Both Robert Griffiths, Hair's QC, and the chairman of the hearing at the Central London Employment Tribunal, gave Mali the opportunity to clarify or retract his remark, but he did not do so. "I believe Mr Hair to be one of the best umpires in international cricket but I expected more of him when he did not restart the final Test at the Oval last year," said Mali. The match was awarded to England in the wake of Pakistan being accused of ball-tampering.
Mali said he put no time frame on Hair's return, but it would seem unlikely that a majority of his fellow ICC executives would agree with him. The president, who has attended the hearing all week, seemed taken aback by Griffiths' stern cross-examination, once saying to him: "I am surprised a man of your calibre would ask that."

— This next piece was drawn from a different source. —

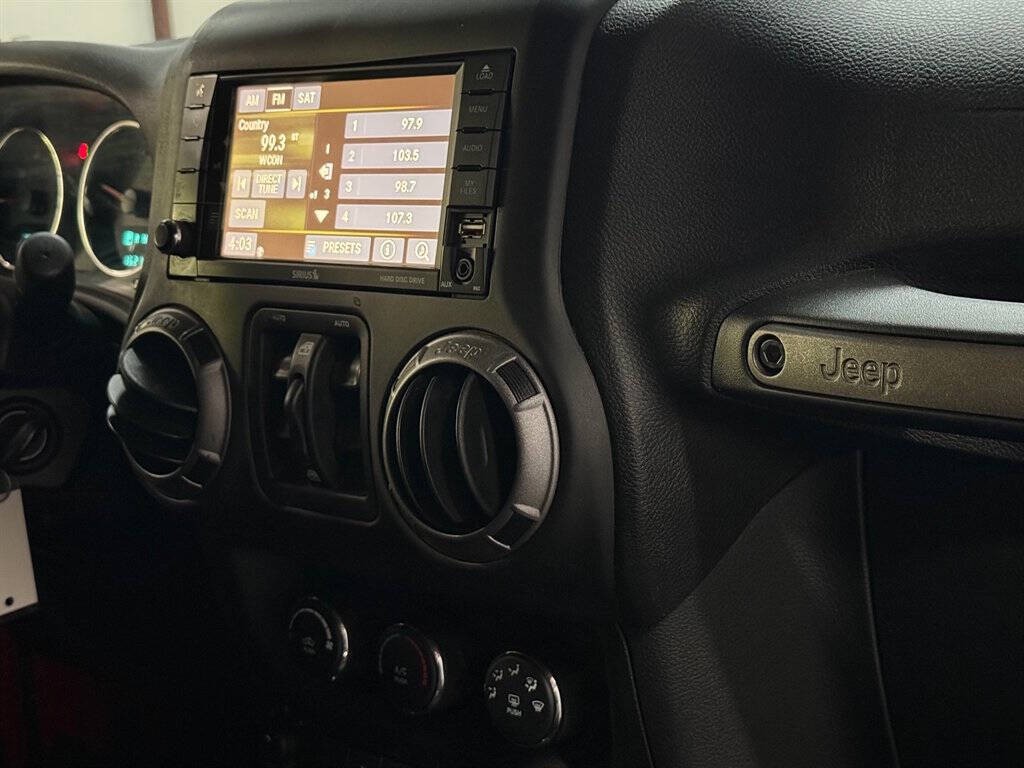 2016 Jeep Wrangler Unlimited Image 14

Michael Beloff, QC for the ICC, told the hearing that the governing body of the game had "in no sense inhibited Billy Doctrove from giving evidence". Hair's co-official at the Oval was supposed to have attended the hearing this week and the panel heard from Griffiths that he will not be attending next week. Neither will Jimmy Adams, the former West Indies captain. In the absence of any support, Griffiths, who had been in bed with flu on Thursday, was required to put in a tenacious performance.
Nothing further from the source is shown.